In Xilinx Inc. v. Commissioner, 125 T.C. 37 (2005), aff’d, 598 F.3d 1191 (9th Cir. 2010) the Tax Court held that under the 1995 version of the regulations under IRC §482 stock based compensation costs did not have to be included in qualified cost sharing arrangements (QCSA) under §482 because unrelated parties operating at an arm’s length would not consider such costs in setting the pricing between the parties.
IRC §482(a) provides in part:
In any case of two or more organizations, trades, or businesses...owned or controlled directly or indirectly by the same interests, the Secretary may distribute, apportion, or allocate gross income,[2]deductions, credits, or allowances between or among such organizations, trades, or businesses, if he determines that such distribution, apportionment, or allocation is necessary in order to prevent evasion of taxes or clearly to reflect the income of any of such organizations, trades, or businesses.

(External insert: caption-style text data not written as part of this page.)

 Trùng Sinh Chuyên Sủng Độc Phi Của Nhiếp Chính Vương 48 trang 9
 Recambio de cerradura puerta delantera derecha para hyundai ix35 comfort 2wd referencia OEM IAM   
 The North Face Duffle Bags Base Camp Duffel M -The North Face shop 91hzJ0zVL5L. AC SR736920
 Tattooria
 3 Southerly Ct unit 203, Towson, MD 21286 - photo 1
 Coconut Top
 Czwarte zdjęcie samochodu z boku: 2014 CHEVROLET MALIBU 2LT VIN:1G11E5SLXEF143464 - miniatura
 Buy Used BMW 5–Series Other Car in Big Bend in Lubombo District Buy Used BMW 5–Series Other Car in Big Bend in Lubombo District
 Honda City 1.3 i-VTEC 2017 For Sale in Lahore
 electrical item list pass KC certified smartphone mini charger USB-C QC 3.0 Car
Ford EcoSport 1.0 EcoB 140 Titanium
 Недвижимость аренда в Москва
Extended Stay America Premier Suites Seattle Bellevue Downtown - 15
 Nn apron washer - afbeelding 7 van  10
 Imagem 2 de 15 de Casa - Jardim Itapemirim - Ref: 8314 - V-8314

As the Tax Court points out, the IRS in Reg. §1.482-1 notes that this is to put the related entities in the same position as if unrelated parties had negotiated an arm’s length deal. [Reg. §1.482-1(a)(1), (b)(1)]
Noting issues with applying the arm’s length standard when there may be few actual transactions between unrelated parties in the area of intangibles, Congress amended IRC §482 in 1986, adding the following to the provision:
In the case of any transfer (or license) of intangible property…, the income with respect to such transfer or license shall be commensurate with the income attributable to the intangible.

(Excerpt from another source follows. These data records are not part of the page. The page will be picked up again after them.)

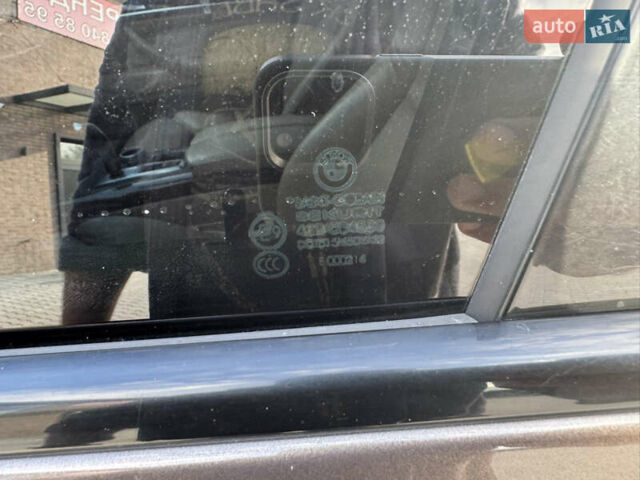 Коричневый БМВ Х5, объемом двигателя 2.98 л и пробегом 360 тыс. км за 16500 $, фото 28 на Automoto.ua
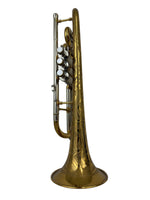 Conn 38A Victor Special Cornet w/ WARRANTY CARD!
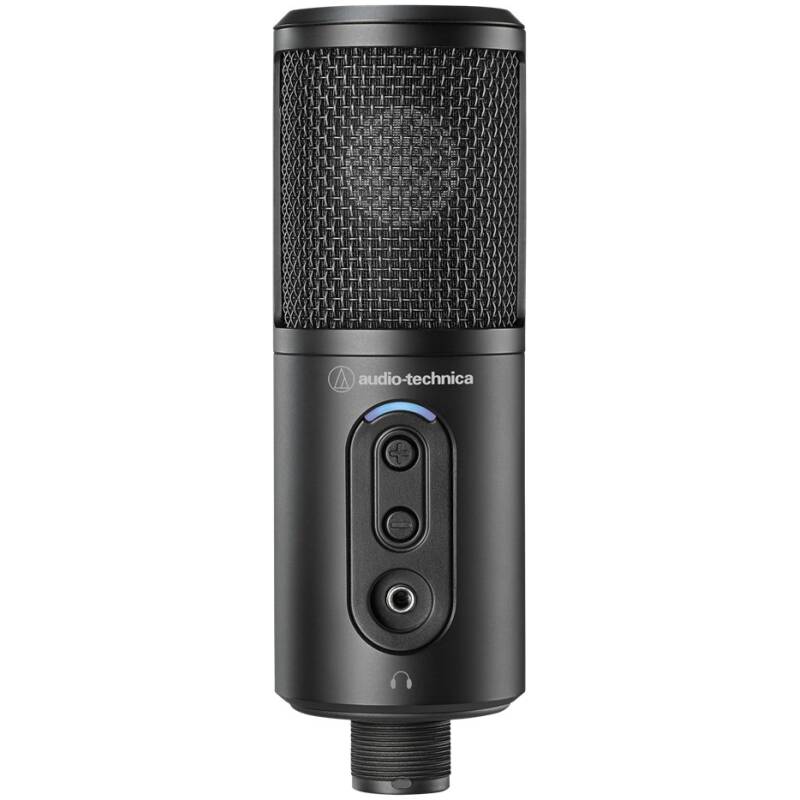 Audio-Technica ATR2500x-USB Condenser Microphone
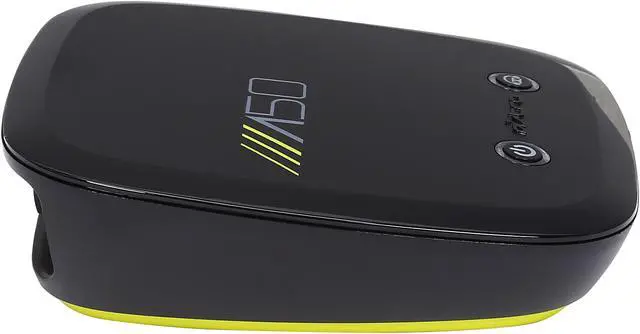 Alt view image 8 of 11 - Astro Gaming A50 Wireless Dolby 7.1 Surround Sound Gaming Headset - Xbox One (Black)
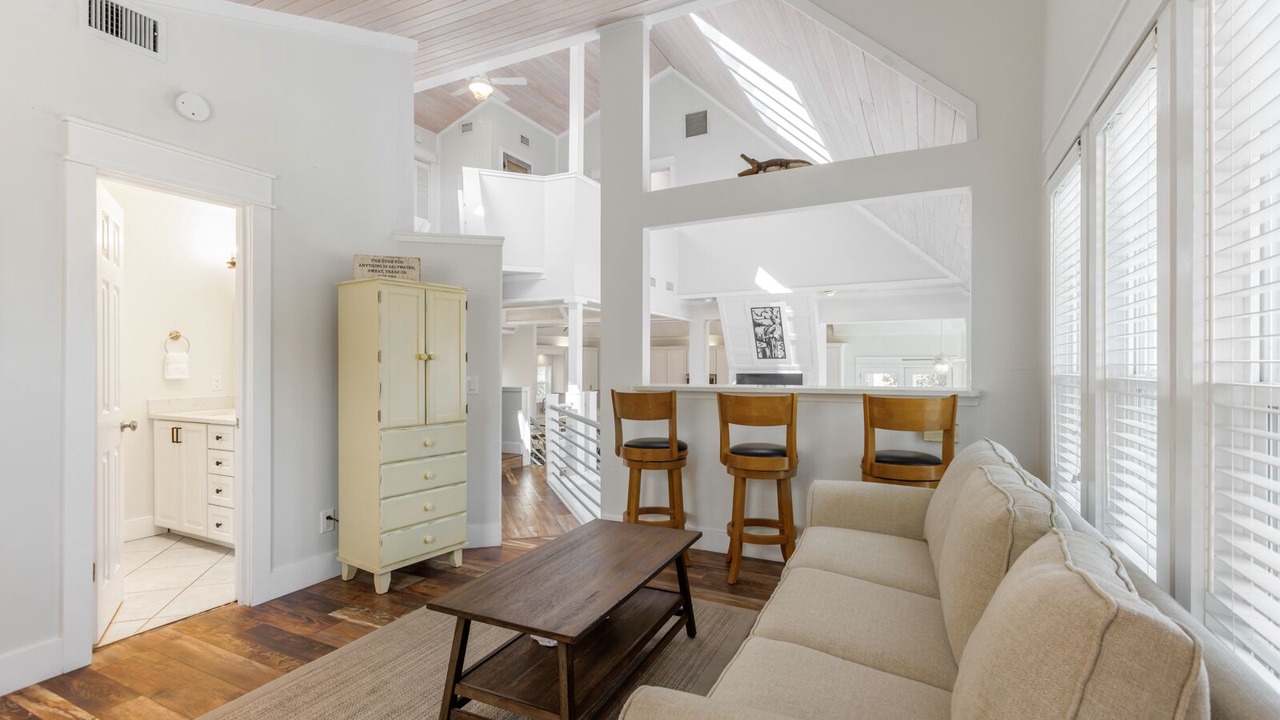 Photo of Livingroom in Seacrest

The conference report provided that the IRS should undertake a comprehensive study in this area which the IRS published in Notice 88‑182. That study concluded the arm’s length standard was the international standard and that the commensurate with income standard should incorporate similar principles.

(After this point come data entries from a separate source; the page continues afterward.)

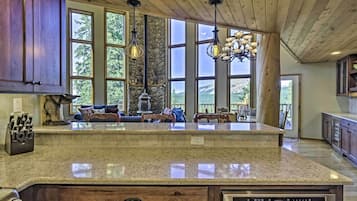 Casa (5 Bedrooms) | Interior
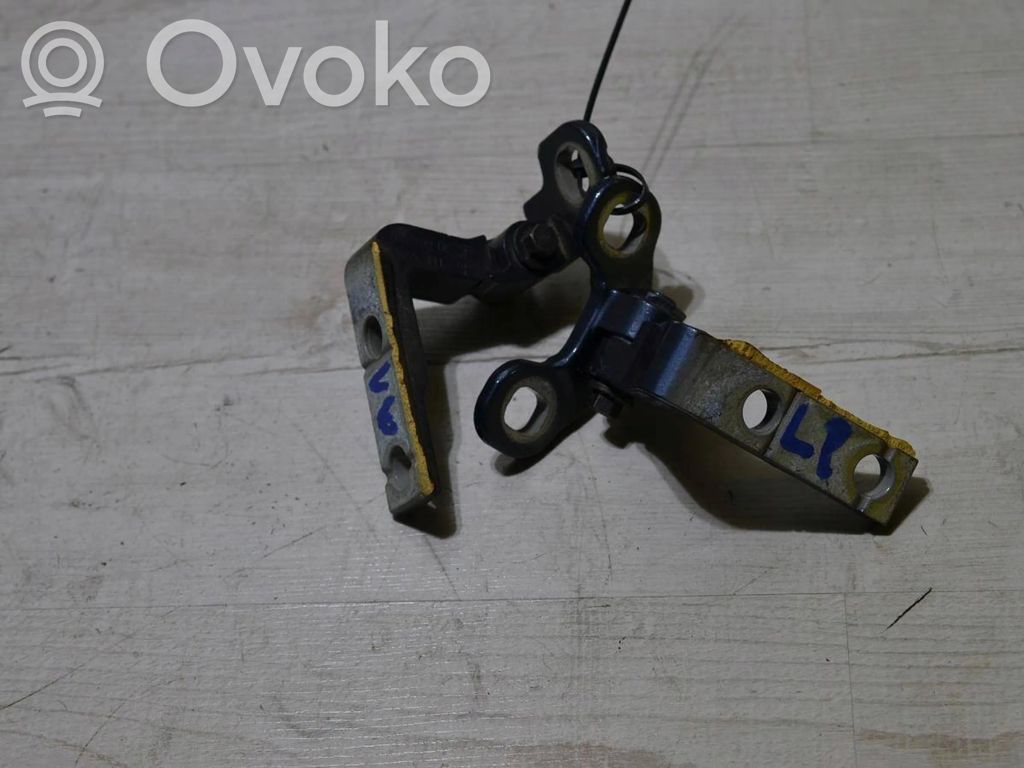 Volvo V40 Set balamale ușă față 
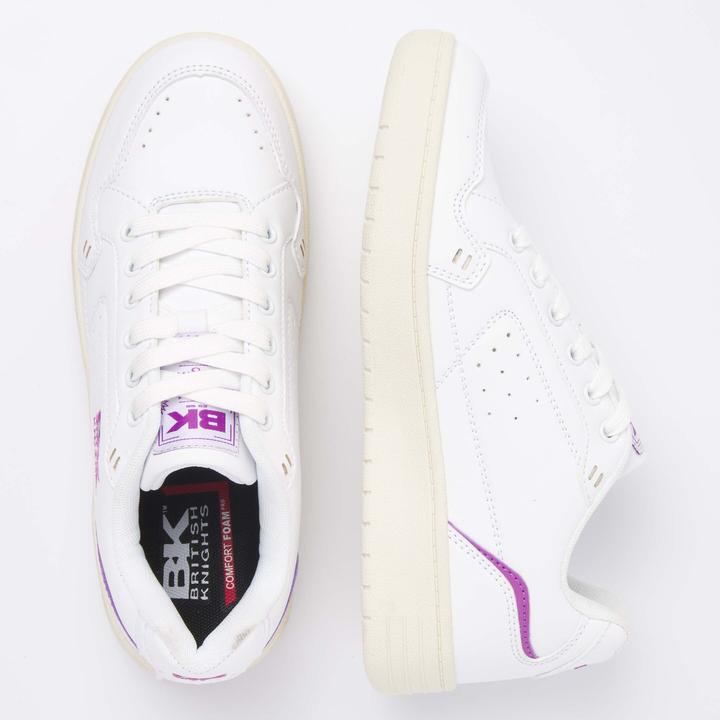 Immagine prodotto British Knights sneakers da jura (38)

In Xilinx the Tax Court concluded that such stock based compensation would not be included in negotiations between unrelated taxpayers as a component of the pricing because it would be difficult to implement and taxpayers do not take this into account in determining pricing of items other than intangibles. Thus, the Court concluded that under the 1995 regulations that the cost should not be included.
In 2002 the IRS announced proposed regulations that would explicitly require the inclusion of stock-based compensation in QCSA under Reg. §1.482‑7(d)(1) and in 2003 adopted that as part of the final regulations.
So the question the Court sought to decide is whether this regulation is valid, or whether it represents an unreasonable interpretation of the law by the IRS—and the Court found for the latter.
The Court notes that comments to the proposed regulations had indicated that such costs are simply never included in arrangements—including, it turns out, arrangements the federal government enters into on cost-based contracts. In fact, federal acquisition regulations prohibit the use of such costs in an arrangement.
Against this the, the Court notes, the IRS did not have evidence of actual use of such costs in arm’s length arrangements.
When it issued the final rule, the files maintained by Treasury relating to the final rule did not contain any expert opinions, empirical data, or published or unpublished articles, papers, surveys, or reports supporting a determination that the amounts attributable to stock-based compensation must be included in the cost pool of QCSAs to achieve an arm's-length result. Those files also did not contain any record that Treasury searched any database that could have contained agreements between unrelated parties relating to joint undertakings or the provision of services. Additionally, Treasury was unaware of any written contract between unrelated parties, whether in a cost-sharing arrangement or otherwise, that required one party to pay or reimburse the other party for amounts attributable to stock-based compensation; or any evidence of any actual transaction between unrelated parties, whether in a cost-sharing arrangement or otherwise, in which one party paid or reimbursed the other party for amounts attributable to stock-based compensation.
The Court notes that the Treasury never abandoned the arm’s-length standard in its reasoning supporting its position, so it must still be held to that standard in judging if the regulations are reasonable.
The Court found the IRS never cited evidence in its support for the regulation that the use of such costs was consistent with the arm’s-length standard. The government did not provide a reasoned basis why parties would actually consider such costs but simply asserted that would be the case. The IRS, the Court concluded, failed to connect the choice it made with the facts it found and failed to adequately respond to significant comments.
Thus the Court found the regulation was contrary to the evidence before the IRS in making this decision. Thus the Court found the regulation was invalid.